Bond Markets Don’t Buy Hawkish Fed’s View on How High US Rates Can Go

Bond Markets Don’t Buy Hawkish Fed’s View on How High US Rates Can Go
Federal Reserve Chairman Jerome Powell testifies during a Senate Banking, Housing and Urban Affairs Committee hearing on the CARES Act, at the Hart Senate Office Building in Washington, on Sep. 28, 2021. (Kevin Dietsch/Pool via Reuters)
Reuters
12/18/2021
Updated:
12/18/2021

NEW YORK—The Federal Reserve’s more hawkish turn this week came amid heightened worries about economic recovery and inflation, but it has barely changed the bond market’s view that short-term interest rates could top out below the U.S. central bank’s estimated peak.

Current betting even has rates staying below the inflation level the Fed projected over the next few years.

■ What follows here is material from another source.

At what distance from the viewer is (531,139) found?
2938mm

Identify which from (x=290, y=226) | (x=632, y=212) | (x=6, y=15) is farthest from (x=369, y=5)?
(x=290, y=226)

Since the Federal Open Market Committee released its policy statement Wednesday, markets have priced the terminal rate where policy rates will stop going up, at between 1.4 percent to 1.7 percent, according to eurodollar futures’ view of U.S. rates in three years.

The Fed does not forecast a terminal rate, but the market’s expectation of when the current hiking cycle will peak is well below the U.S. central bank’s view of 2.5 percent, and lower still than the revised core inflation estimate of 2.6 percent next year.

The Fed’s neutral rate has been 2.5 percent for a couple of years after trending down from the time they first introduced its summary of economic projections. That rate is down 1 basis point in the last six years.

“The market is penciling in a potential policy mistake by the Fed, wherein it hikes rates too aggressively near term and is unable to hike past 1.4 percent,” said Gennadiy Goldberg, senior rates strategist, at TD Securities in New York.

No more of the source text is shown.